Wols Lists wrote:
> On 03/08/2024 18:15, Dale wrote:
>> Well, what I'd like to do, install a email program that fetches the
>> emails and then stores them on my system.  Then I can have
>> Thunderbird or any other email program connect to that and view,
>> create, send or whatever emails.  Thing is, setting up the first
>> program is complicated.  It is a bit over my head.  From what I've
>> read, it is pretty picky too.  It has to be fairly perfect or things
>> don't work.  I'd need a seriously good how to to even get started. It
>> could turn into another long thread like that goofy monitor.  :/
>
> That's basically fetchmail. Although I gather that's now
> abandonware-ish.
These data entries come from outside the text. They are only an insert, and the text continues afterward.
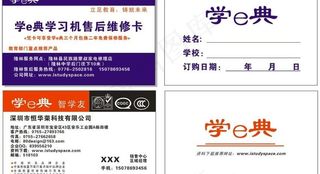 学e典学习电脑图片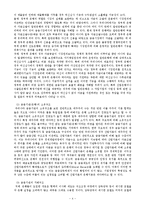 금융시장의 문제점 및 대응방안-4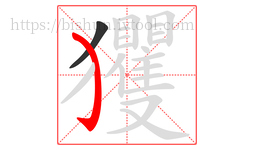 玃字的第2画:㇁,弯钩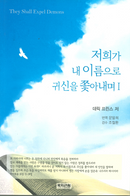 They Shall Expel Demons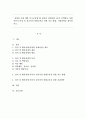 장애인 등에 대한 특수교육법에 명시된 장애유형 1가지 선택하여 장애아동의 특성 및 성공적인 통합교육을 위한 지도 방법, 지원전략을 제시하시오. 1페이지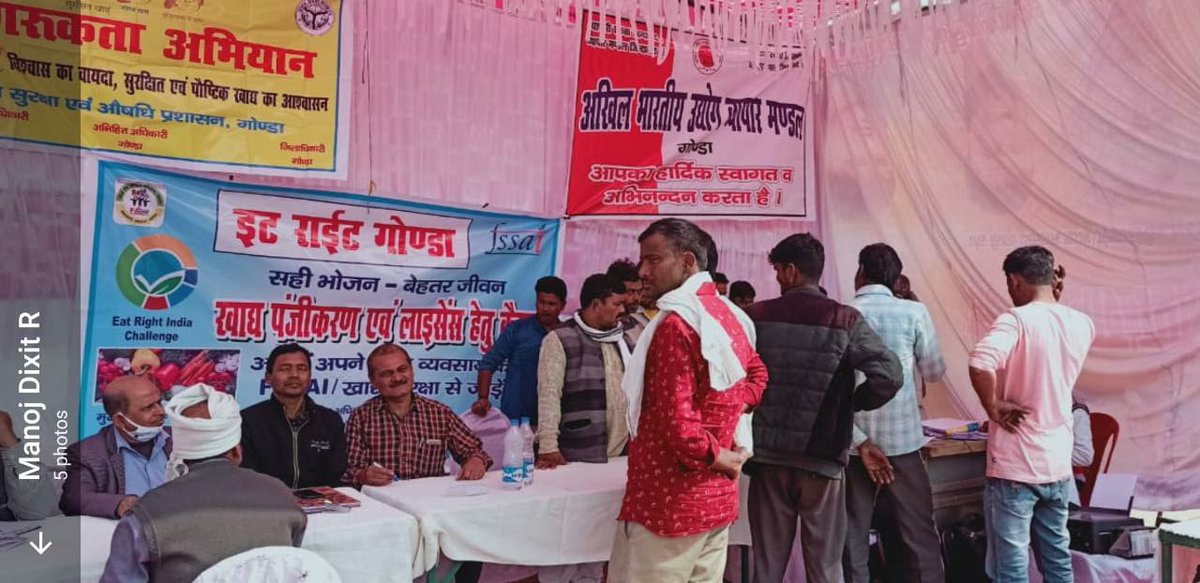 FSDA Gonda (@fsdagonda) on Twitter photo 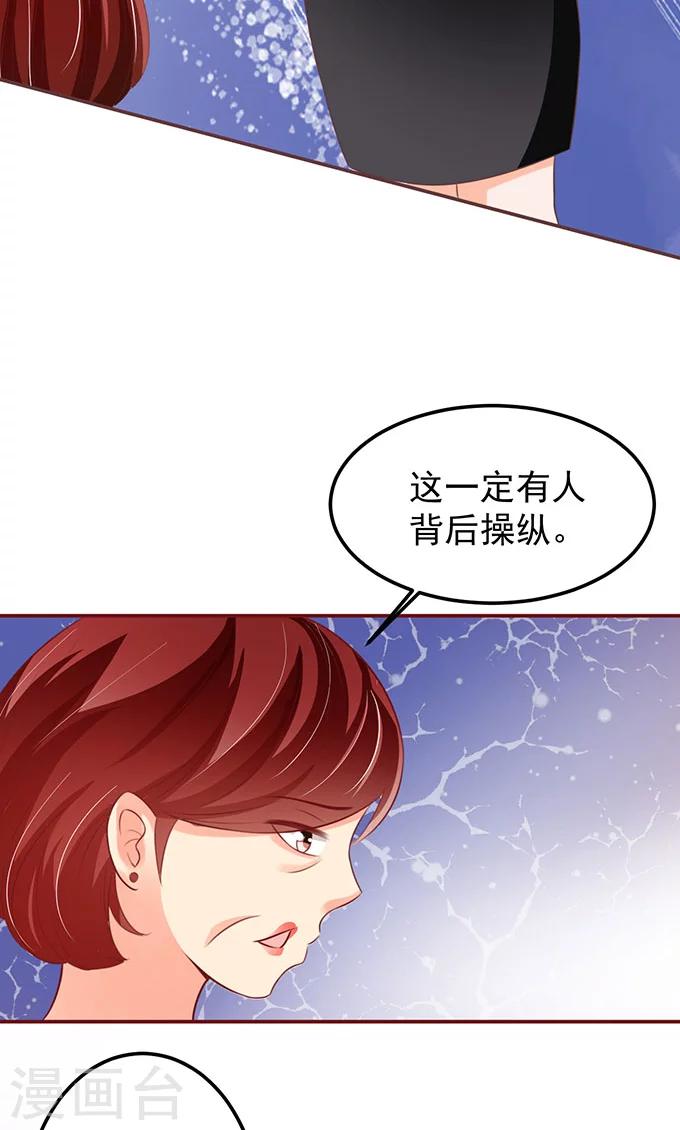 第144话-第144话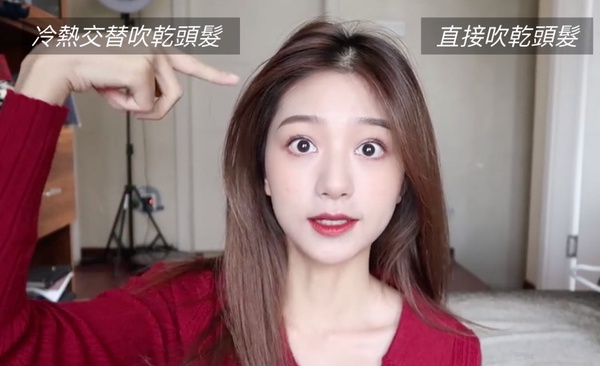 髮型師拯救扁塌髮3技巧！關鍵冷熱風吹髮＆內層燙，油頭細軟髮也髮根蓬鬆一整天！
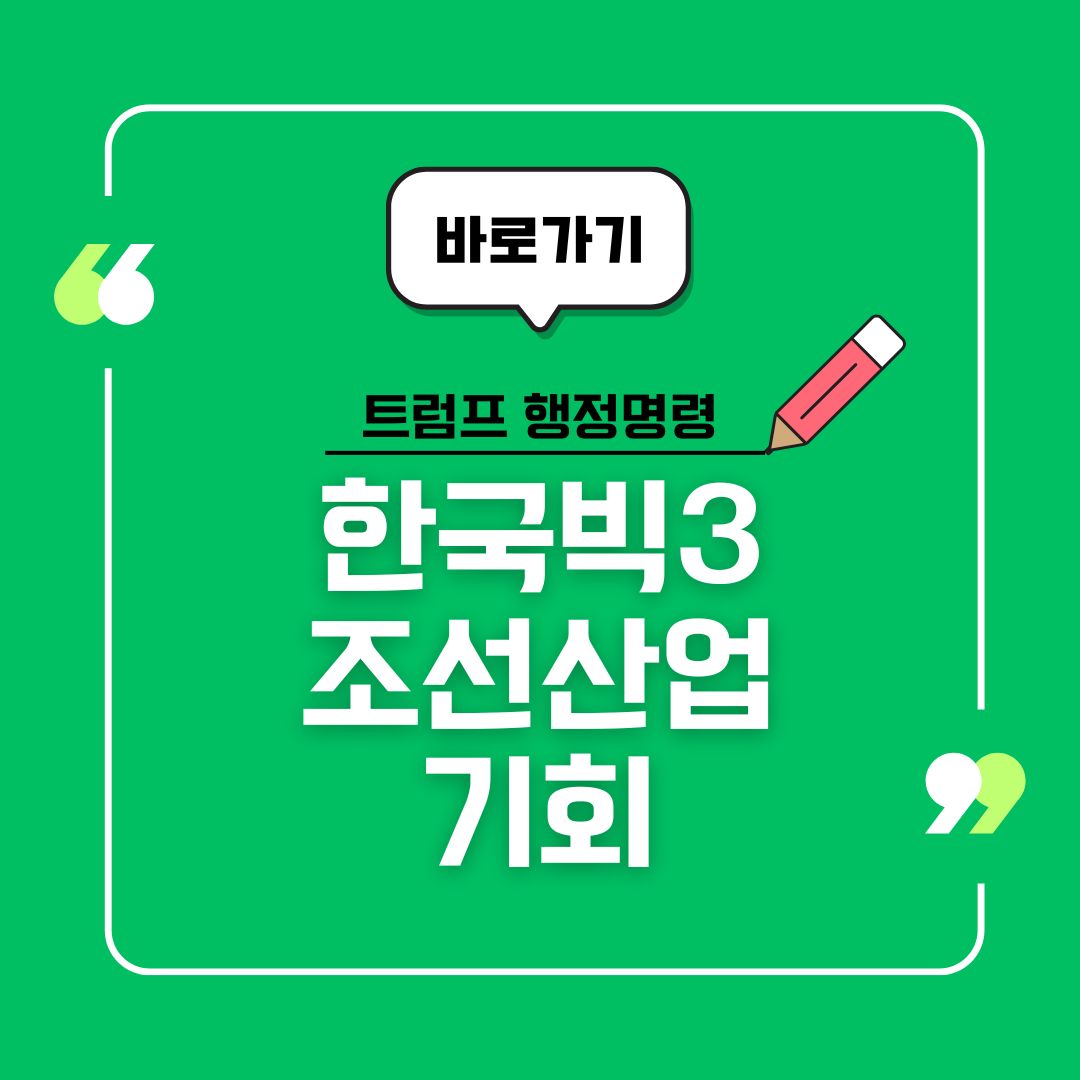 트럼프의 조선업 재건 행정명령과 한국 조선 빅3의 기회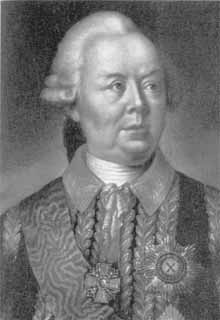 Иллюстрация к книге — Кутузов [i_012.jpg]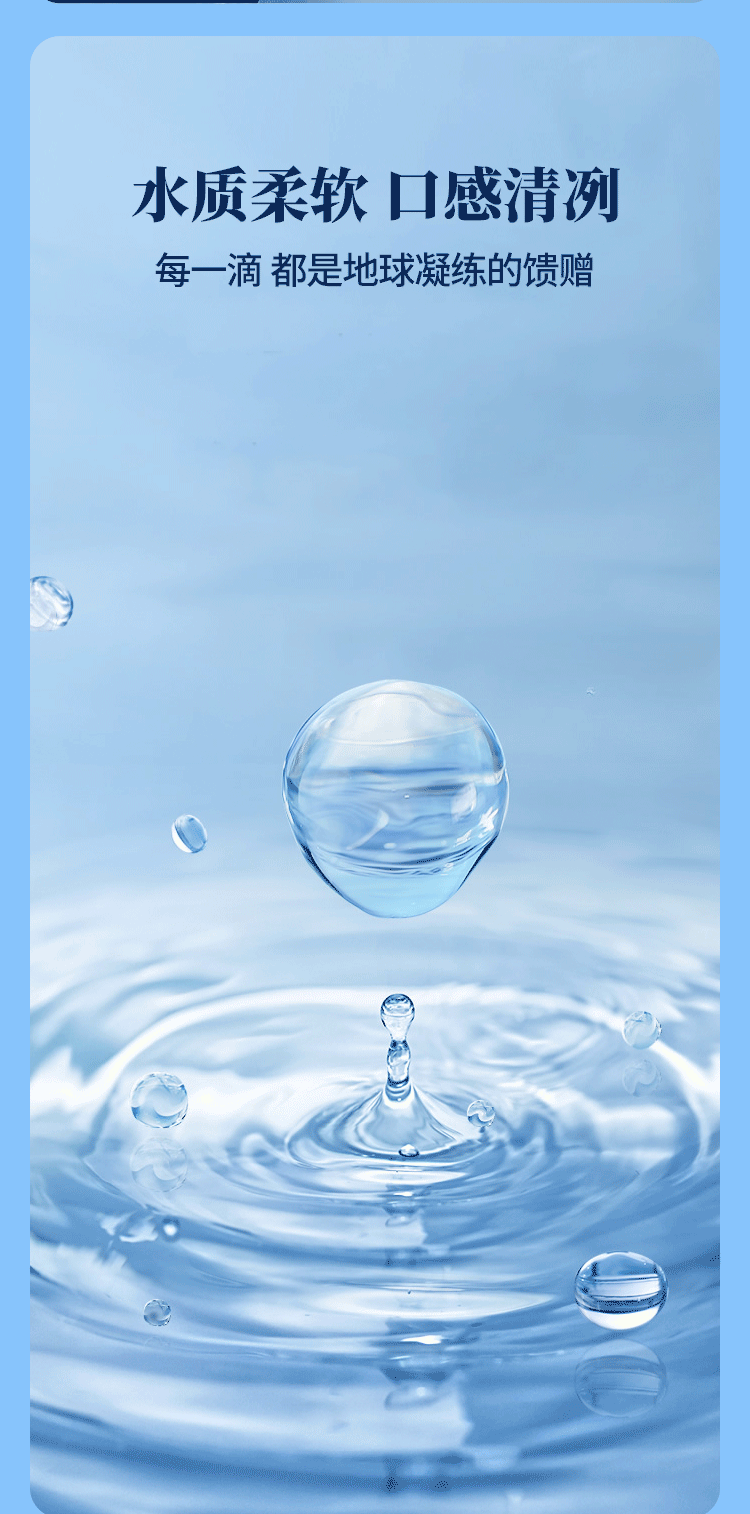 挪威水利乐包（删减）_12.png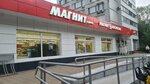 Magnit Kosmetik (Moscow, Izmaylovskіy Boulevard, 16), perfume and cosmetics shop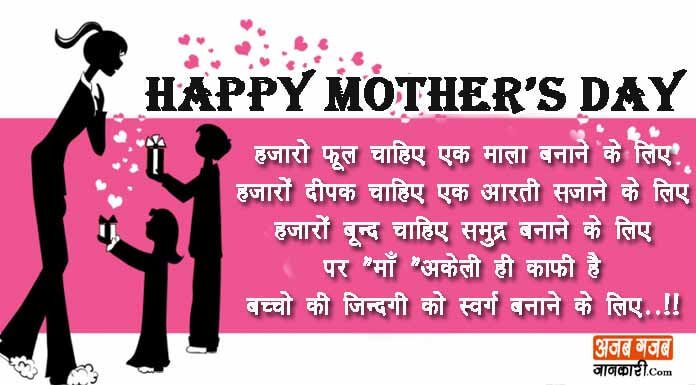 happu-mothers-dau-sms-in-hindi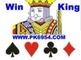 Win King Playing Cards  Co., Ltd.: Seller of: advertising cards, 260g-300g special papers of playing cards, gift playing cards, pvc playing cards, pet playing cards, foreign trade playing cards, casino playing cards, jumbomini playing cards, promotional playing cards. Buyer of: printing paper, printing ink, packing material.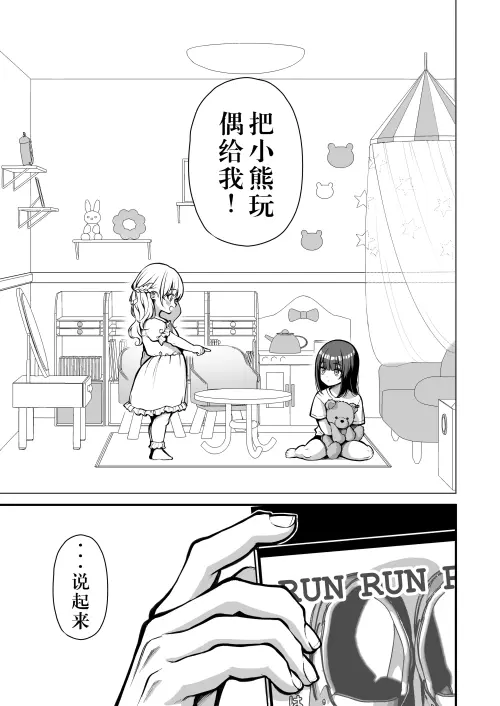 02.webp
There is a successor iirc, but I stopped using it
> because it broke...
>
> If you can then get that into Dovecot ...
>
> My current setup is I have dovecot set up, then whenever I connect
> (with thunderbird) I have bulk rules that just move everything across
> from the internet into dovecot.
>
> Cheers,
> Wol
>
>


I'll be honest, I don't know for sure what I would need to do what I
want to do.  The basics from my understanding.  I'd have some software,
dovecot sounds familiar, that fetches my email which is then stored on
my computer, in /var somewhere I think.  Once that is done, I could use
Thunderbird, Kmail or whatever to access/download the emails from and
send emails, through dovecot or something I guess.  Basically, there is
a server type software between say Kmail and say Gmail.  That software
handles fetching and sending.  That way I have copies no matter what I
use to view them with.

Someone mentioned a long time ago that doing it this way would allow me
to switch email programs and not lose any emails.  Keep in mind, I keep
most emails for good.  I may have the first email I ever sent and
received here somewhere.  I also sort emails into sub directories. 
Example.  All gentoo-user emails go into a folder named gentoo-user.  I
have similar filters for other things like banking, websites I buy from
etc.  I'd like to keep those.  I think someone mentioned IMAP or
something at one point???? 

I've read about people pulling their hair out trying to set up email
software and it sounds like a nightmare and they know more about it than
I do.  I'd like to do this but I'd need a good howto. 

I figure the first step, find a new email provider.  Then find out what
software works best with it.  I so want to get away from gmail.